对金融高管薪酬机制与金融危机关系的分析,本文主要内容关键词为:高管论文,薪酬论文,金融危机论文,机制论文,关系论文,此文献不代表本站观点,内容供学术参考,文章仅供参考阅读下载。
在此次金融危机中,除了各国政府、中央银行不遗余力的天量救助方案外,给我们留下深刻印象的还有金融高管们的天价薪酬。AIG前CEO马丁·沙利文2005年、2006年两年奖金总额达到4000万美元。2008年7月他从AIG辞职时,拿到了4700万美元的“分手费”。美林证券前CEO奥尼尔,在2005年、2006年两年的奖金分别为3600万和4700万美元。当他2007年10月被迫辞职时,获得的期权和股票共值1.615亿美元。
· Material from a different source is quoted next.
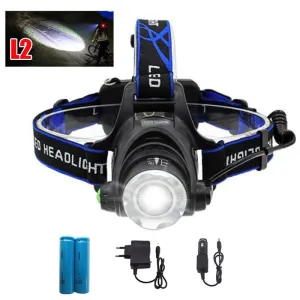 XM L2 led headlamp frontal head flashlight torch powerful headlight head light lamp  18650 battery  AC charger  car charger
2009年7月底,纽约州总检察长科莫公布了一份报告,披露9家获得政府巨资援助的银行在去年累计发放了326亿美元的高额奖金。
2009年10月22日,美国财政部宣布对接受政府救助最多的7家大公司高管进行限薪。包括花旗、美国银行等7家企业收入最高的25名高管面临严格的薪酬限制。美联储则在同一天宣布对银行业员工的薪酬提出监管要求,将审查和否决银行业的薪酬政策,范围覆盖辖内的近6000家银行。
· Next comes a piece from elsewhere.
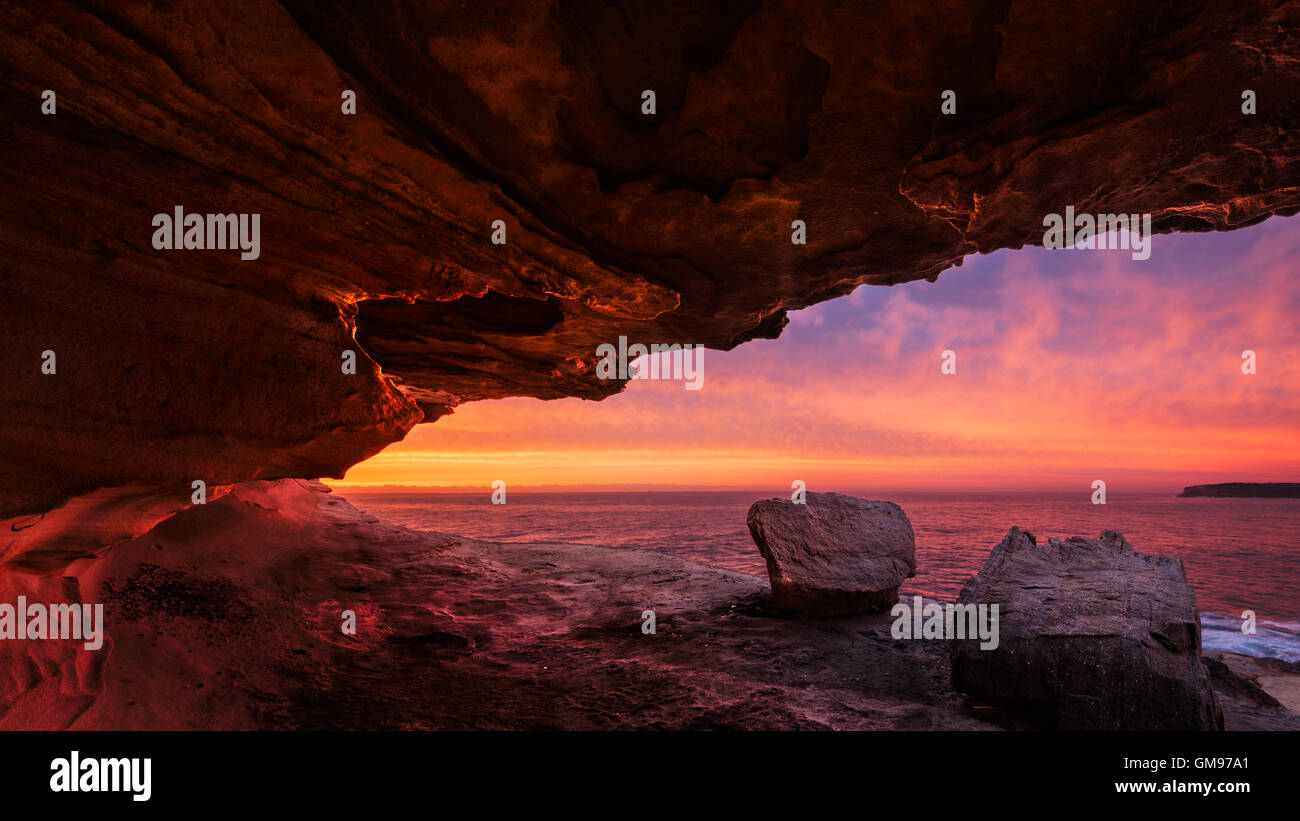 Australia, New South Wales, Maroubra, coast at sunset Stock Photo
在金融危机爆发以来,对金融危机产生原因的反思从来没有停止过,金融机构高管的薪酬机制无疑是关注的焦点之一。为什么金融高管的薪酬机制会被认为是本次金融危机的原因之一?为什么政府和国际社会要去干预甚至是私人金融机构中的公司治理(薪酬)问题?政府和国际社会应该以什么方式去纠正金融高管扭曲的薪酬机制?本文将通过金融高管薪酬制度所体现的负外部性与委托代理成本来分析其和金融危机的关系及解决的思路。
一、外部性和委托—代理理论
庇古的《福利经济学》首开对外部性问题的关注。什么是外部性,斯蒂格利茨在其《经济学》一书中给出了简明的答案:“当个人或厂商的一种行为直接影响到他人,却没有给予支付或得到补偿时,就出现了外部性”。根据这一定义,外部性分为两种情况:当个人或厂商的行为给社会上其他成员带来收益,却没有因此得到补偿时,称之为正外部性或外部经济;当个人或厂商的行为给社会上其他成员带来损害,却没有支付其成本时,称之为负外部性或外部不经济。正负外部性都不利于社会资源最优配置:负外部性往往只能带来个人利益,却增加社会成本,没有社会效率并且容易引发恶性循环;而正外部性则一般不产生激励,因而不能实现社会资源的最优配置,因而也不具有社会效率。
而谈到金融机构高管薪酬机制问题,我们就不能不涉及到“委托代理理论”了。由于社会大生产和分工的细化使“专业化”成为社会需要,美国经济学家伯利和米恩斯提出“委托代理理论”,倡导两权分离,即所有权和经营权分离,企业所有者保留剩余索取权,而将经营权利让渡给专业经营人员。委托代理理论是建立在信息不对称的基础上的。信息不对称指的是参与人对信息的拥有是不相同的,某些参与人拥有其他参与人不拥有的信息。通常委托人在博弈中处于信息劣势,而代理人是拥有信息优势的一方。代理人由于具有信息优势代表委托人行动可以获得更高的社会效率,因此通过契约形成了委托代理关系。委托代理关系是指根据契约的规定,委托人指定、雇佣代理人为其服务,同时赋予代理人一定的决策权力,并根据代理人的工作内容和绩效按照契约原则对其支付相应的报酬。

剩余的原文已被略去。